As informações sobre Engenho do Murutucu coletadas pelo arquiteto Fernando Marques servem de passaporte para um passeio pelo Brasil colonial, em especial a relação do italiano Antonio José Landi com o local. O que é hoje um sítio arqueológico era ocupado no começo do século 18, precisamente em 1711, pela capela dedicada à Nossa Senhora da Conceição pelos frades carmelitas. José Borges Valério, que na primeira metade deste século exerceu o cargo de ouvidor-mor, foi o proprietário do engenho por volta de 1750. Após a morte de Valério, o engenho foi transferido para Domingos da Costa Bacelar. Em 1766, Antonio Landi, chegado ao Brasil em 1753 da comissão de demarcação de limites da Amazônia, adquiriu o Murutucu, com setenta pessoas, entre índios, índias e rapazes nascidos no dito engenho.
Fernando Marques observa que Landi foi o precursor do estilo neoclássico no Brasil: em Belém, ele foi autor do Palácio do Governador, Igreja de Nossa Senhora do Carmo, de Sant’Ana, Catedral de Nossa Senhora das Graças, a capela de São João e outras obras. Landi incorporou os traços do Neoclassicismo na reforma que empreendeu na capela do engenho. Documentos encontrados revelaram que Antonio Landi morreu no seu próprio sítio, em 22 de junho de 1791. Desse modo, o engenho foi herdado pela filha dele, Ana Teresa, que se casou com o capitão João Antônio Rodrigues Martins, filho de João Manuel Rodrigues, dono de engenhos como Mocajuba e Utinga.
CABANAGEM
Em 15 de dezembro de 1819, a partir da relação do capitão João Antônio Martins com a guarda local, o sítio transformou-se em área de treinamento militar. Com a morte de Martins, o engenho passa para a filha dele, Ângela Joana Pereira Martins.

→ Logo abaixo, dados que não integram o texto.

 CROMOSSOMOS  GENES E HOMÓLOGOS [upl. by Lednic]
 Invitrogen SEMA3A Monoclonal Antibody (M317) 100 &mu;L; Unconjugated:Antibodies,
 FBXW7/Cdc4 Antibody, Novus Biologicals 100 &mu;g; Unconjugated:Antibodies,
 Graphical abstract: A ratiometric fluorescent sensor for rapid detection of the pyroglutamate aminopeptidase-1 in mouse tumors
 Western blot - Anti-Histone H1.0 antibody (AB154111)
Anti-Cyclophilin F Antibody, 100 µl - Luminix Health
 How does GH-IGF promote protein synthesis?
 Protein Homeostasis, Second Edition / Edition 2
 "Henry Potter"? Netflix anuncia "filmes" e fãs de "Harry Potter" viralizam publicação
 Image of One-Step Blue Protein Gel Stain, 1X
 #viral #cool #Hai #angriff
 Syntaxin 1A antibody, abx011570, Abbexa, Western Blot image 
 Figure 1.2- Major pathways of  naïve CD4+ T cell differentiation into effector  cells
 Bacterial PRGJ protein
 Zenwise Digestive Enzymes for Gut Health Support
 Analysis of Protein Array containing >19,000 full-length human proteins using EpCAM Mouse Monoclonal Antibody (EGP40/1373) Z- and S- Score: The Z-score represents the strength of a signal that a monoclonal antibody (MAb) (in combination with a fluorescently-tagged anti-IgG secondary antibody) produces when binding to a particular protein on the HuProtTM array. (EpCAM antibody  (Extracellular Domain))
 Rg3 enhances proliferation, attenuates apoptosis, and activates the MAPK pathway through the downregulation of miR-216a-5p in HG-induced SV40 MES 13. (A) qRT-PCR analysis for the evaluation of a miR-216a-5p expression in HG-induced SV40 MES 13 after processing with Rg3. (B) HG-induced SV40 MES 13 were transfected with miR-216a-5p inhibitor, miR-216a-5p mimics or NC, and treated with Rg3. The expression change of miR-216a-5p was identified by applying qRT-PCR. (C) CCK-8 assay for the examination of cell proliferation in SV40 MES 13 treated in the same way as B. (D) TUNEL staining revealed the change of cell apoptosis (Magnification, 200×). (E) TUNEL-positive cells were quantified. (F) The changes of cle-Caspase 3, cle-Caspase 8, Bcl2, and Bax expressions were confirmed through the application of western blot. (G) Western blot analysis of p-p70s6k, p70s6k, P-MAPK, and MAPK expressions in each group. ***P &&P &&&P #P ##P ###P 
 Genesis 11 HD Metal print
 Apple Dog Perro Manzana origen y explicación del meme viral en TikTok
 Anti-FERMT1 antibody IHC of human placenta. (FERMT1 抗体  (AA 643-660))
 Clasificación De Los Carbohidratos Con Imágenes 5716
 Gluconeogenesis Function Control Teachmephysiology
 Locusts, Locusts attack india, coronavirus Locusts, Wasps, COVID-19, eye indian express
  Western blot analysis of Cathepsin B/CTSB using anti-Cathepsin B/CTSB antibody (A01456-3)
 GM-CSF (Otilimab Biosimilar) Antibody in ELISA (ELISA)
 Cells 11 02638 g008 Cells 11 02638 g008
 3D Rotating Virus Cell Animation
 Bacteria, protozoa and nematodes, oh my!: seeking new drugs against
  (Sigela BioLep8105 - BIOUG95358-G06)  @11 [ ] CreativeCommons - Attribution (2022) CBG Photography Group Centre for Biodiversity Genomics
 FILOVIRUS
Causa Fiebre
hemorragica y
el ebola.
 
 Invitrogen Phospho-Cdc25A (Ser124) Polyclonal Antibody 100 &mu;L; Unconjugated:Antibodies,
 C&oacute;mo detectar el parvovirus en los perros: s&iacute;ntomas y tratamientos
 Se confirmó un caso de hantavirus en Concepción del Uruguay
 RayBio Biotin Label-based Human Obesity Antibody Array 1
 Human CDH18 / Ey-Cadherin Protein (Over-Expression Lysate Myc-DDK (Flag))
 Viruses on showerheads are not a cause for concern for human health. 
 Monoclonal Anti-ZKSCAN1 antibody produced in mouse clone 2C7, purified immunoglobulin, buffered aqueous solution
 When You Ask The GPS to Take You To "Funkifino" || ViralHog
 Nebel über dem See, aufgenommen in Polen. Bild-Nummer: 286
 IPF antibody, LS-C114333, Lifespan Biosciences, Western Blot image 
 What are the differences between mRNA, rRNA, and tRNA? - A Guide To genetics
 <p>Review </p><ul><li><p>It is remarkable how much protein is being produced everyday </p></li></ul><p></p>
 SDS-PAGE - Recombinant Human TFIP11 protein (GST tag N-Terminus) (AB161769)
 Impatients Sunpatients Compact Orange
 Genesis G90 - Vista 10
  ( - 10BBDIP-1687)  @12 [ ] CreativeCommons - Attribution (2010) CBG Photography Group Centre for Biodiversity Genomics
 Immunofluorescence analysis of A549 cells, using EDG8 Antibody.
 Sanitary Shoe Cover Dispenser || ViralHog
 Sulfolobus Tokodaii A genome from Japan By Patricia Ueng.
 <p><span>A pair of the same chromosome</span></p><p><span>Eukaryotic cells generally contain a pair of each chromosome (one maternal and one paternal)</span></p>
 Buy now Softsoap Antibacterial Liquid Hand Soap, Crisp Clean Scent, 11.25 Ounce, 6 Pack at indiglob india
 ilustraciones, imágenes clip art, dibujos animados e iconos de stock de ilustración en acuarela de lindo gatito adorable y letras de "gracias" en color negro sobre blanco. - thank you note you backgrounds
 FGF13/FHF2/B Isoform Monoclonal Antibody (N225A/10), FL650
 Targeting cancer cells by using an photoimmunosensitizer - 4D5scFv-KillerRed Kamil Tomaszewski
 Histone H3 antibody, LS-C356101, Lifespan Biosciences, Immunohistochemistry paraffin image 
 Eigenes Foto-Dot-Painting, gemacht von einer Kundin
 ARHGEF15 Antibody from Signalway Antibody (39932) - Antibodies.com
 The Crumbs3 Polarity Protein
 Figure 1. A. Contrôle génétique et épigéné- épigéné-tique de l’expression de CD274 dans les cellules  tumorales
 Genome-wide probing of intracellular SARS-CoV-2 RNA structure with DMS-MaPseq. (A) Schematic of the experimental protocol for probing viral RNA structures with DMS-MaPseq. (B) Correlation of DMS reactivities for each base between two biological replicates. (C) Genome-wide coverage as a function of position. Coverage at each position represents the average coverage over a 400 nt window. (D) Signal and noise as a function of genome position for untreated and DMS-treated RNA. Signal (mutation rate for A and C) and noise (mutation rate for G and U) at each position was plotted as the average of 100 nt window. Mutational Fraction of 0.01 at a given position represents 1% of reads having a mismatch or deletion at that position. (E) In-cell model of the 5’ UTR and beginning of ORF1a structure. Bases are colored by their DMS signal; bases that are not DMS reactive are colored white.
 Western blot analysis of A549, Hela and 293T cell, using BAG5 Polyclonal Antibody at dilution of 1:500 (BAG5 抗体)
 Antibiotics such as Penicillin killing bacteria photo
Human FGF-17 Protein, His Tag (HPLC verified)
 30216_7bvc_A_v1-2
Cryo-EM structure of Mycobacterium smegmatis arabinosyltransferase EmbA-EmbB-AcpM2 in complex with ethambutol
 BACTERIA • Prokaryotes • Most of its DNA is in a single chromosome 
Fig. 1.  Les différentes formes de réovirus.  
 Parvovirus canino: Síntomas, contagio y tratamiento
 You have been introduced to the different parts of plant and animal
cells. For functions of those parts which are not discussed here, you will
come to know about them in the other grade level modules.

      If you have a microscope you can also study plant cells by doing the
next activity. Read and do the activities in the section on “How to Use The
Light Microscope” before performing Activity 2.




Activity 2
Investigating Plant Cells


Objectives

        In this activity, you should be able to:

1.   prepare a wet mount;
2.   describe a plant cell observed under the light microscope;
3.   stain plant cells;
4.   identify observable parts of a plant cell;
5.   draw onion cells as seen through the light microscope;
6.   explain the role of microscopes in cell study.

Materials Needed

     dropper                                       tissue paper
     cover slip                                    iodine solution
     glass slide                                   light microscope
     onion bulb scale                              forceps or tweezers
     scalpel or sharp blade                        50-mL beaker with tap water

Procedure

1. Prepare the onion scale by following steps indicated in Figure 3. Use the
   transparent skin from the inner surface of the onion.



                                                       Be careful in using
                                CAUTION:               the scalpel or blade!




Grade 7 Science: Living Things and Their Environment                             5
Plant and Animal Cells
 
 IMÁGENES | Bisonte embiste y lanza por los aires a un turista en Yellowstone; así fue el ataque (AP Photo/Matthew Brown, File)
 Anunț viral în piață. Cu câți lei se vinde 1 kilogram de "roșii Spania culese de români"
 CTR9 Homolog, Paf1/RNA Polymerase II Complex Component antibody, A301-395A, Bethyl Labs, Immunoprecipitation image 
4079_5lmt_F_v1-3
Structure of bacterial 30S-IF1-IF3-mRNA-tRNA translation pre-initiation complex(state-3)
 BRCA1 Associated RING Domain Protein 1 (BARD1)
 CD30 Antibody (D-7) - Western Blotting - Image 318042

De acordo com a pesquisa empreendida por Fernando Marques, em 1835 o Murutucu esteve relacionado à Guerra da Cabanagem. Quando o local temporariamente foi utilizado como um acampamento das tropas de revoltosos liderados por Vinagre, Angelim e Gavião, comandantes da revolução. Em 14 de agosto de 1835, com uma caminhada a partir do engenho Murutucu, começou a segunda invasão de Belém pelas forças cabanas. Nesse momento, o engenho provavelmente estava abandonado. Daí ter sido requisitado pelo cabano João Antônio Sete para servir de moradia para seus familiares. Em 1841, o engenho foi comprado por Henrique Antônio Strauss, e figuram entre os bens na escritura: uma casa de vivenda, uma casa de engenho, uma senzala, uma roda d’água, moendas de ferro, um vapor, serraria, alambique, tachas de ferro, balança e pertences da capela. O Engenho Murutucu tornou-se monumento tombado pelo Iphan em 8 de outubro de 1981.